Health Advance Inc (OTCMKTS:HADV) has finalized a non-binding Letter of Intent to buy certain product formulations for the production of generic medications from Patrick O’Charchin. The acquisition is contingent to comprehensive appraisal by Health Advance, and the negotiation and implementation of a definitive deal. This deal will be dependent on the closure of certain conditions including the firm issuing shares in lieu for the formulations held by O’Charchin. The firm will assess the formulations value and anticipates the evaluation period to last nearly 4-6 weeks.
The highlights
Health Advance believes the LOI is the next stage of its development and growth. Upon closure of the Hantian deal, the firm will use the strategic associations formed by Hantian to advance, promote and market the formulations that will offer Health Advance with the remarkable opportunities. The formulations are presently active in the many areas; Central Nervous System medications like anti-psychotics and anti-convulsants, Anti-Infection medications like erythromycin opthalmic ointment, Topical Dermatology medications such as topical anti-inflammatories and anti-fungals, hormonal Drugs like steroidal medications, and other drugs like ophthalmics.
Generic drugs are bioequivalent and therapeutic equivalent options to brand name medications that have lost the market uniqueness of patent protection. Generic medication provides the same active chemical unit as trade name items, but vary inert substance formulations. These include artificial colors, flavorings, binders, fillers, etc.

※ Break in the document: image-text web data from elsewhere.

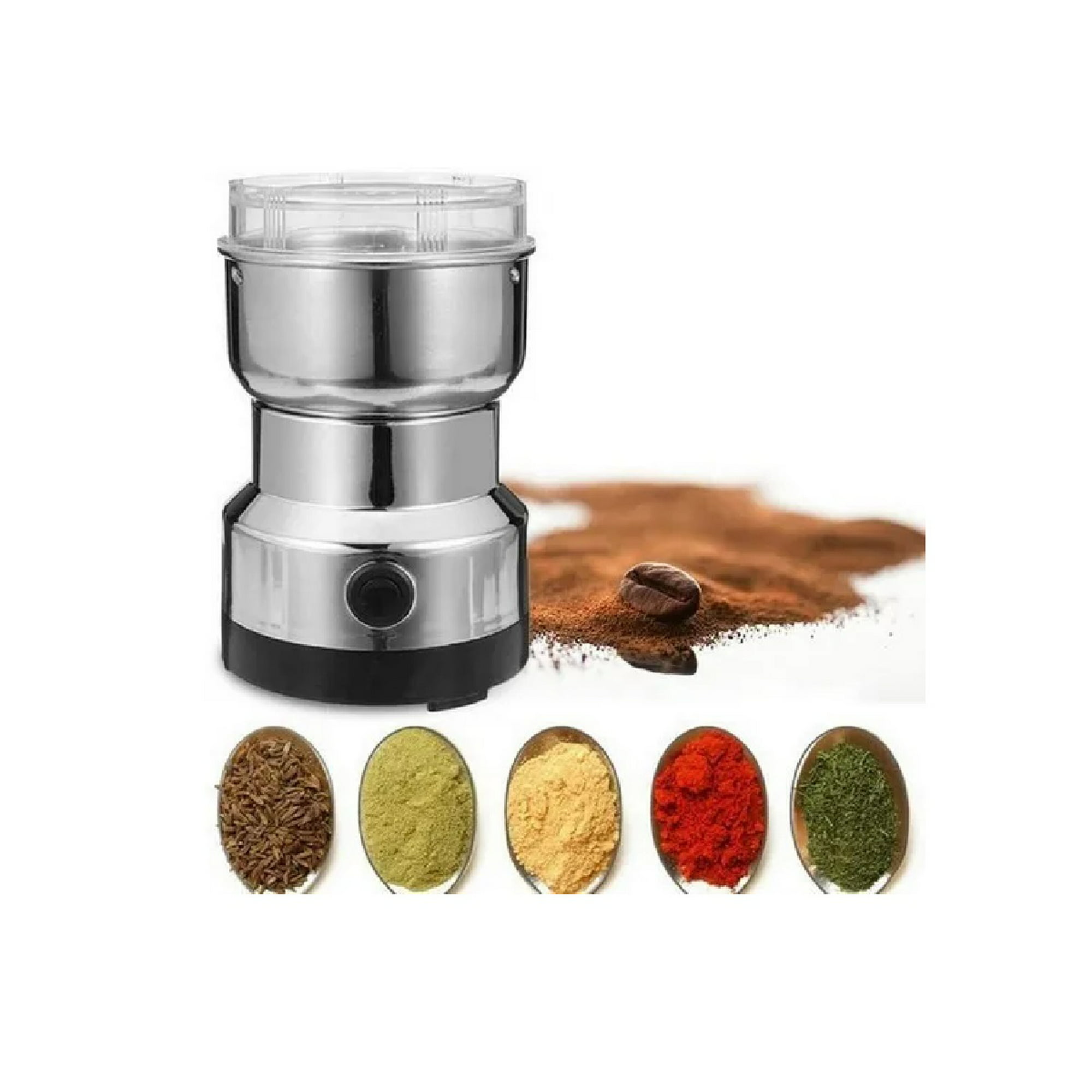 Kaffe - Molinillo eléctrico de granos de café con cepillo de limpieza.  Fácil operación de encendido/apagado para expreso, infusión fría, hierbas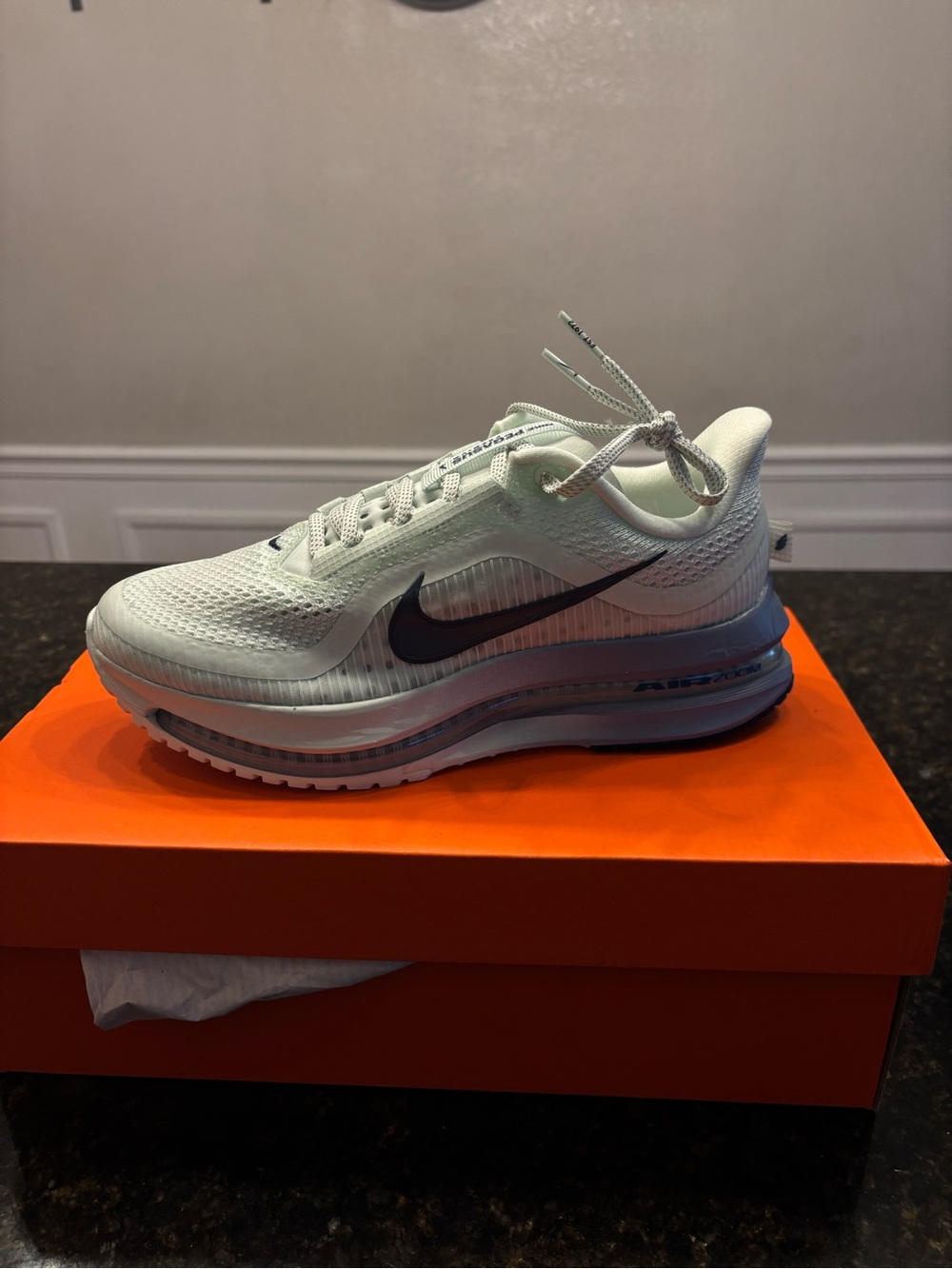 Nike Women’s Pegasus Premium Barely green/ blue void , running shoes size 8.5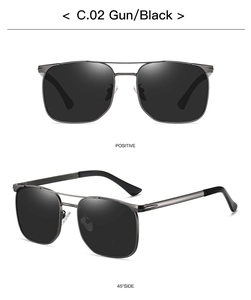 Macro view of gunmetal grey metal frame and polarized black lenses on square sunglasses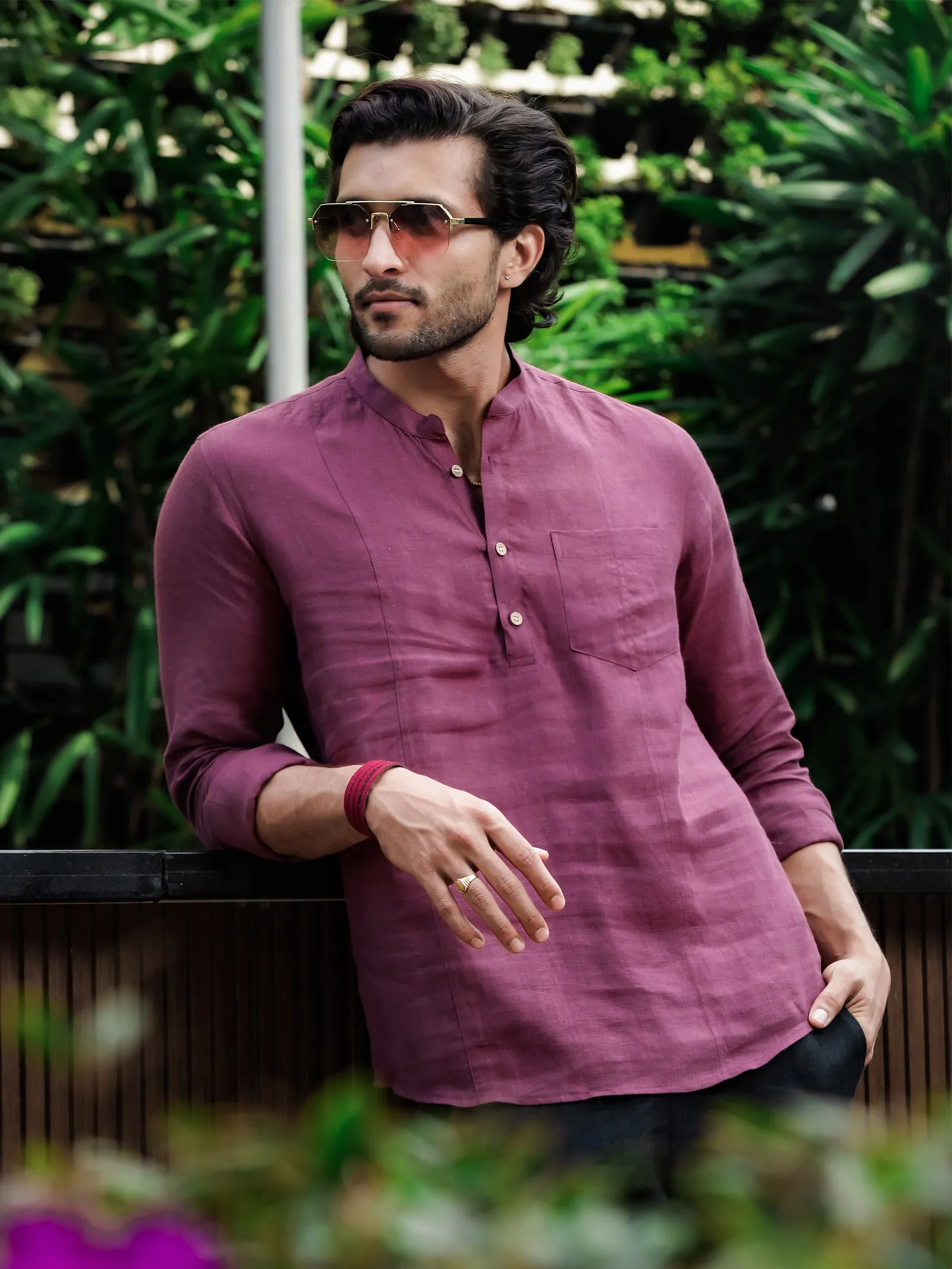 Trevor - Half Placket Pure Linen Full Sleeve Shirt - Twilight Purple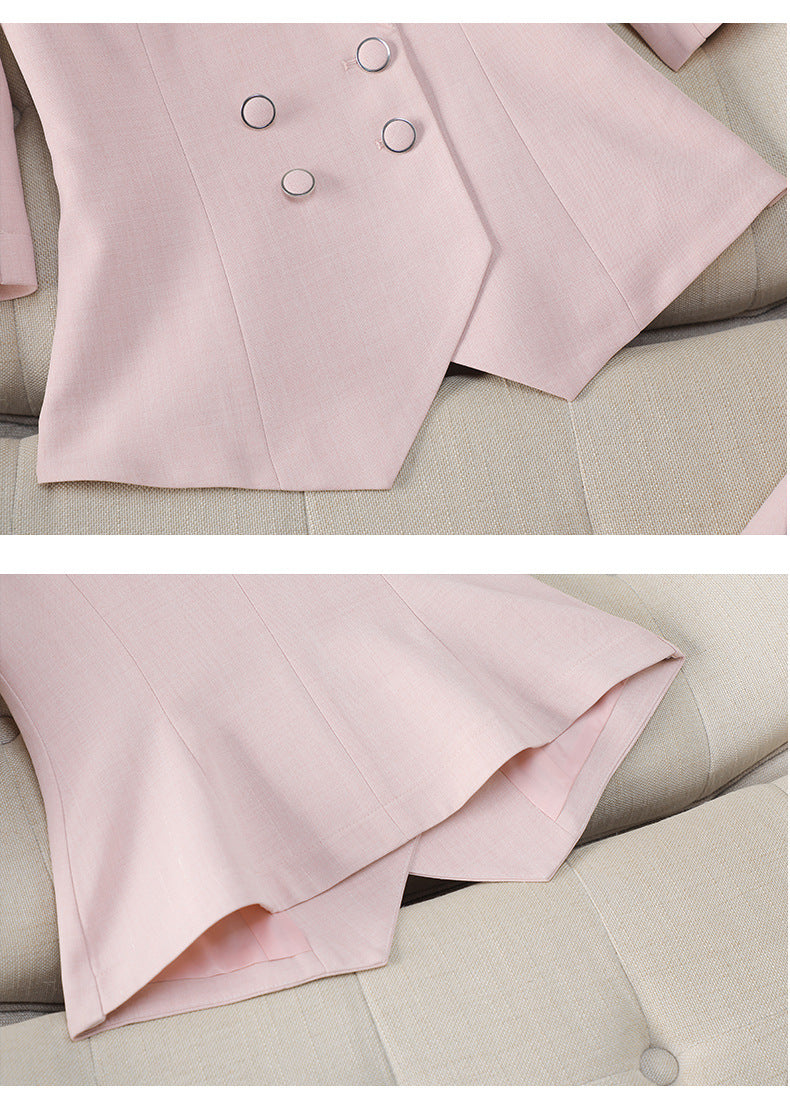 Cross-Border Professional Attire Pink Three-Quarter Sleeve Suit Skirt Women's Spring and Summer New Beauty Salon Work Clothes Over-The-Knee Skirt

Since these elements may impact the bioavailability of the active ingredient, bioequivalence trials must be performed by manufacturer’s and given to the FDA before new generic items are approved for sale. This file will depict that the generic drug constitutes the same ingredients in the equivalent ratio as the brand product termed as bioequivalence and accomplishes the same as the trademark product when taken termed as bioavailability.
Once this file is assessed by the FDA and bioavailability and bioequivalence are established, a support for sale is allowed and the medication may be commercialized. All of the product preparations held by O’Charchin are done with bioequivalence studies, which in turn will result in considerable cost and time savings.